Niedźwiedź zranił trzy owce oraz kózkę: artykuł nr 2667
2006-06-07 12:18:52 Leśnictwo
Grasujący od tygodni na pograniczu niemiecko- austriackim niedźwiedź po kilkudniowej przerwie ponownie dał znać o sobie. W nocy z soboty na niedzielę miś porwał trzy owce na łące w okolicach Klais w gminie Garmisch-Partenkirchen, w południowej Bawarii. Niedźwiedź zranił trzy inne owce oraz kózkę. Rzecznik bawarskiego ministerstwa ochrony środowiska Roland Eichhorn powiedział, że nie ma wątpliwości, iż sprawcą ataku jest poszukiwany przez władze Bawarii miś JJ1, określany przez media także jako Bruno.

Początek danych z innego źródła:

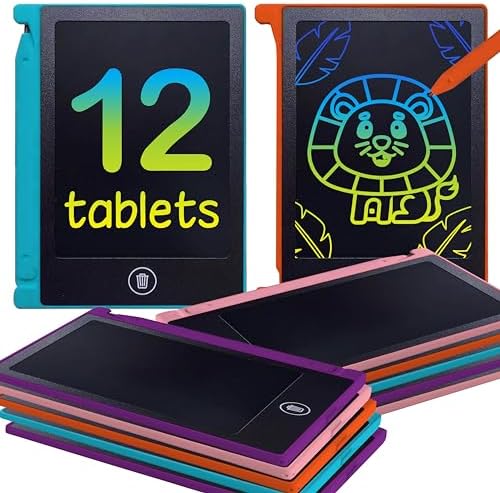 Playtapus Mini LCD Writing Tablet for Kids, 12 Pack – 4.5" Reusable Doodle Boards, Non-Candy Party Favors, Goodie Bag Fillers, Classroom Prizes, Screen-Free Travel Toys for Boys & Girls Ages 3-8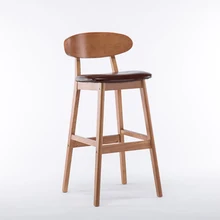 Новинка 20%, скандинавский барный стул, длинная ножка, барный стул, высокая спинка, кафе, креативный твердый деревянный барный стул, современный минималистичный домашний декор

Ostatnie ślady bytności niedźwiedzia odnaleziono tydzień temu w Maurach nad
jeziorem Achsensee w Austrii, 60 kilometrów od Klais. Władze Bawarii chcą pojmać
włóczęgę z pomocą fińskich psów oraz austriackiego eksperta od usypiania
zwierząt. Pościg za misiem ma się rozpocząć w przyszłym tygodniu. Zadaniem sfory
będzie wytropienie niedźwiedzia i osaczenie go, aby strzelec mógł go uśpić.
Próby zwabienia misia do zamaskowanego dołu nie powiodły się, ponieważ Bruno
nigdy nie pojawia się dwa razy w tym samym miejscu.
Rzecznik ministerstwa ochrony środowiska zapewnił, że władze chcą schwytać
niedźwiedzia żywcem. "Pozwolenie na zastrzelenie zwierzęcia pozostaje jednak w
mocy" - dodał.
Decyzję o odstrzale wydał minister ochrony środowiska Bawarii Werner Schnappauf.
Miś pojawił się w Bawarii po raz pierwszy trzy tygodnie temu. W krótkim czasie
porwał jedenaście owiec. Włamał się też do kurnika. Bawarskie władze uznały go
za groźnego dla bezpieczeństwa i przeznaczyły do odstrzału.